Other univariate associations between categorical variables with 7-day, 14-day, and 30-day mortality were shown in Table 2. For variables of the PESI or sPESI, 5 variables, including "systolic blood pressure (BP) < 100 mmHg", "pulse rate ≥ 110 beats per minute (b.p.m)", "respiratory rate > 30 breaths per min", "altered mental status", and "chronic heart failure" were all significantly associated with 7-day, 14-day, and 30-day mortality. "Age" was associated with 7-day and 14-day mortality, while "age > 80 years" was associated with 14-day and 30-day mortality. "History of heart failure or chronic pulmonary disease" was associated with 7-day and 30-day mortality. Besides, there was association between "cancer" and 30-day mortality. "SaO₂ < 90%" was only associated with 7-day mortality. Other variables including "male sex", "temperature < 36 °C", and "chronic pulmonary disease" had no significant associations with mortalities. Among other laboratory examination variables, serum calcium, NT-proBNP, D-dimer and blood glucose had significant correlations with 7-day, 14-day, and 30-day mortalities. After converting these four variables into the categorical variables (Additional file 1: Fig. S1), hypocalcemia, high NT-proBNP, high D-dimer were still associated with 7-day, 14-day, and 30-day mortalities, and high blood glucose was associated with 7-day mortality.

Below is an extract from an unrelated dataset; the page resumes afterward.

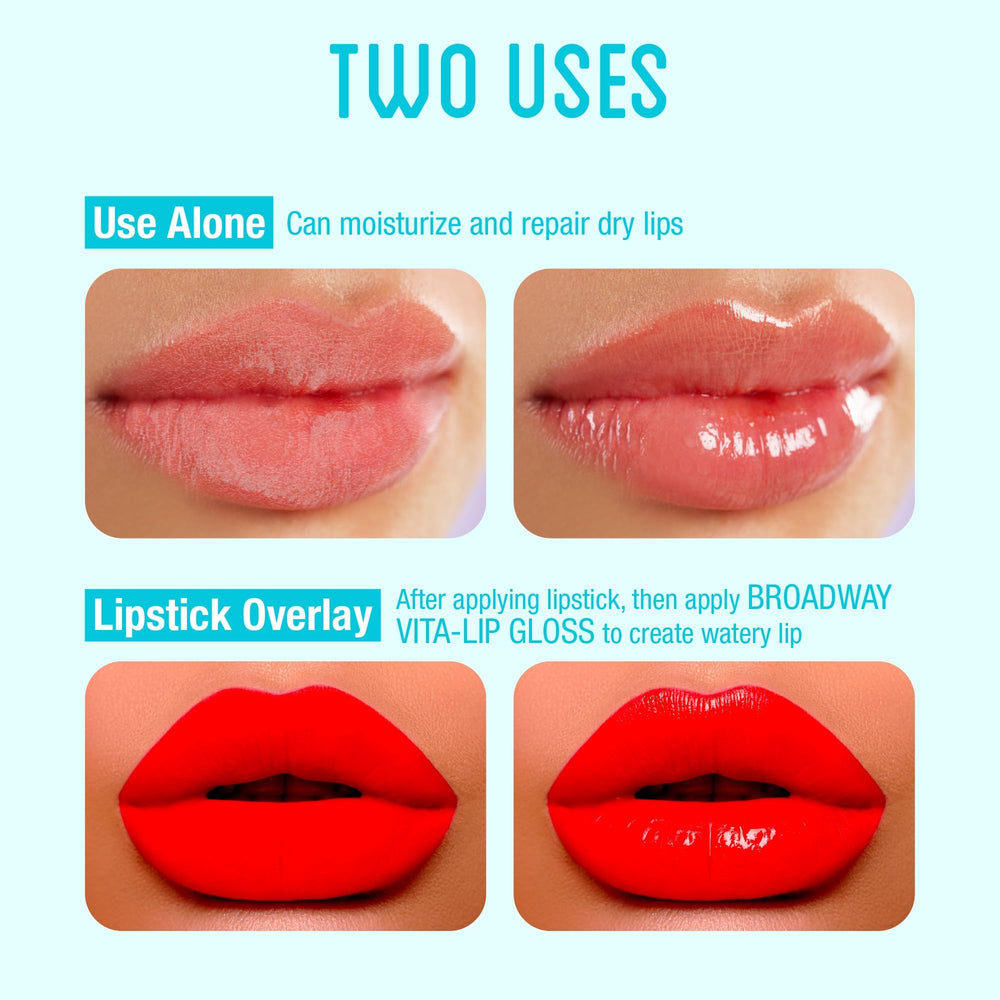 Ruby Kisses Broadway Vita-Lip gloss con aceite de argán para labios nutridos.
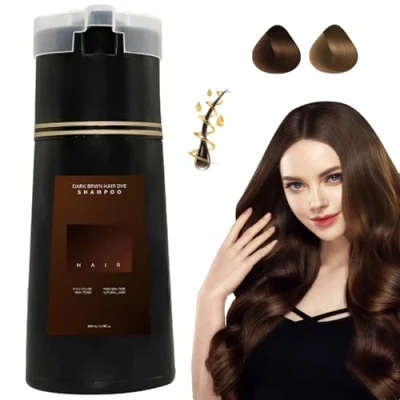 Afbeelding van Haarverf Shampoo, Botanische Formule Geen Haarbeschadiging Bleekmiddel, Donkerbruin Lichtbruin Grijs Shampoo Instant Haarkleur Voor Vrouwen Mannen (Donkerbruin)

12 categorical variables significantly associated with 30-day mortality were used to build the prediction rules (see Additional file 2: Fig. S2 and Additional file 3 for details). Minimally required total sample size was 450 and minimally required events per variable (EPV) was 3 for 12 variables by setting events fraction, or 30-day mortality, to 0.08, which were met in this study. Finally, 6 variables were included into the optimal prediction rule shown in Table 3. In the optimal prediction rule, sum of variables points no less than 4 points was identified as the high risk.

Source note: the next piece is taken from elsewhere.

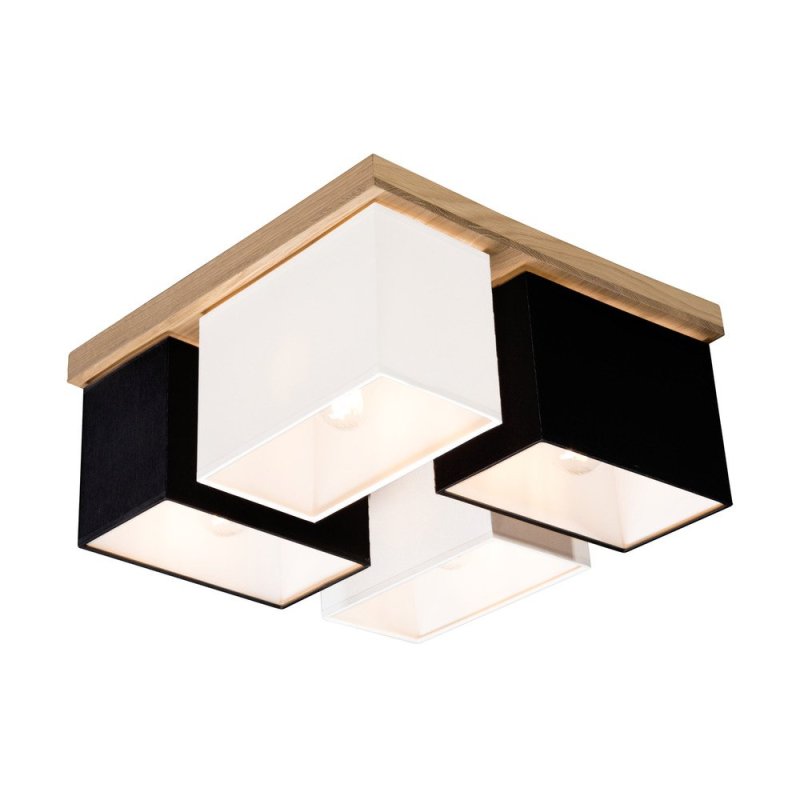 Paloma Lampa Sufitowa 4xE27 Max.25W Dąb Olejowany/Biały/Czarny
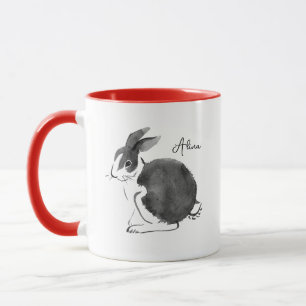 Schwarz-Weiß-Wasserfarben-Hase Tasse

In the whole dataset, ROC curves of PESI, sPESI and the optimal prediction rule were shown in Fig. 1. ROC curve of the optimal prediction rule was close to the PESI and sPESI on the beginning, and then climbed obviously higher than them. Validity of three rules was listed at Table 4. Prevalence of 30-day mortality was 0.089 (95% CI 0.065, 0.118). Generally, mean values of AUC, sensitivity (Sen), specificity (Spec), of the optimal prediction rule (Sen: 0.930, Spec: 0.390, AUC: 0.800) were better than both the PESI (Sen: 0.814, Spec: 0.367, AUC: 0.716) and sPESI (Sen: 0.907, Spec: 0.216, AUC: 0.703), although their 95% CIs might overlap. The optimal rule also had advantages of PPV, NPV, PLHR, and NLHR over PESI and sPESI. Especially, specificity and positive likelihood ratio of the optimal prediction rule were significantly higher than the sPESI.